Vesna Pavlović taking photos with a camera and tripod, standing near shelves full of archived films
Pavlović at the Film News Archive in Belgrade, 2013 (Nikola Mladenović)

Through her research at the Smithsonian, Pavlović plans to continue her investigations into how visual representation and perception have changed since the early twentieth century, as well as into the relationship between memory and photographic technology. She plans to pair her archival research with visits to Washington, D.C.-area murals painted by Meière and with a study of previous symposia on visual perception.

Pavlović is particularly looking forward to researching these issues in light of Meière’s position as a woman artist—how society saw her, how she saw herself, and the work she did to establish her legitimacy as a professional.

“Historically, women artists are often invisible, and a lot of institutions have been trying to remedy that. I hope to discover something in her practice that I can illuminate,” Pavlović said.

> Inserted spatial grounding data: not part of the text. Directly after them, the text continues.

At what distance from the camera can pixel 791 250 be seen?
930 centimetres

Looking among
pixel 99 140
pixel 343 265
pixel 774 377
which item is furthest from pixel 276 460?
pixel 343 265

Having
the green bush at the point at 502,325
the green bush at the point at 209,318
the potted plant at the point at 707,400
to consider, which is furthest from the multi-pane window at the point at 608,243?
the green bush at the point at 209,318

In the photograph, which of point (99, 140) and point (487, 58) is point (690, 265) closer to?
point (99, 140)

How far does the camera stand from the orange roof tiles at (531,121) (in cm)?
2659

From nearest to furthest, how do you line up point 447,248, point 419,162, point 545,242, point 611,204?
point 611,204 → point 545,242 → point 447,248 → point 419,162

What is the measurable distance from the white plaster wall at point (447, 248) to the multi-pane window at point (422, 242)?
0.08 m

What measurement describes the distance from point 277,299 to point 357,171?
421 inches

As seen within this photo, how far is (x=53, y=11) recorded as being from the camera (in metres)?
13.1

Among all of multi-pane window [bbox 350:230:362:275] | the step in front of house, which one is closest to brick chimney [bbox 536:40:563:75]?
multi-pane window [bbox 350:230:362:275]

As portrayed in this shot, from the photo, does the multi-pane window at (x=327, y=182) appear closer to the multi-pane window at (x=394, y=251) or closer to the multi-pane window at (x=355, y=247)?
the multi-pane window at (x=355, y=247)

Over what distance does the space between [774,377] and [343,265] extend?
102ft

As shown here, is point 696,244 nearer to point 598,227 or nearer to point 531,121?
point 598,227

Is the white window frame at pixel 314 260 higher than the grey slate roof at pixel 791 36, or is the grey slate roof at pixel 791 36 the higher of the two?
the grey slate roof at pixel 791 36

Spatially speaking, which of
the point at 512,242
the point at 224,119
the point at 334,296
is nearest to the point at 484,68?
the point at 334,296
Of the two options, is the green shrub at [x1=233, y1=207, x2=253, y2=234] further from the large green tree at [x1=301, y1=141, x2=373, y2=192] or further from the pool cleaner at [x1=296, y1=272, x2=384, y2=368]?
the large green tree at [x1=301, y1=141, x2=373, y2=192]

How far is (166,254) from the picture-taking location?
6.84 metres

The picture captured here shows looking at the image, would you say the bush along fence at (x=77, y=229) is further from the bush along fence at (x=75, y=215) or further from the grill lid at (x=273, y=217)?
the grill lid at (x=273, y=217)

Though history is often focused on particular dates, for Pavlović, it’s more about specific experiences that often last for no more than a moment. She believes those moments, when depicted in photography and film, can encourage us to think about history in a more fluid way. She hopes that studying the contents of two historic archives will bring new insights on the nature of memory and a sense of history “not strictly guided by times and dates.” While Pavlović is not sure yet what kind of art will come from the experience, she is excited to work through the process and see the result.

“With my return to Belgrade [in 2018], I feel like I made a full circle with my work,” she said. “I feel like I’m ready for a new stage to begin.”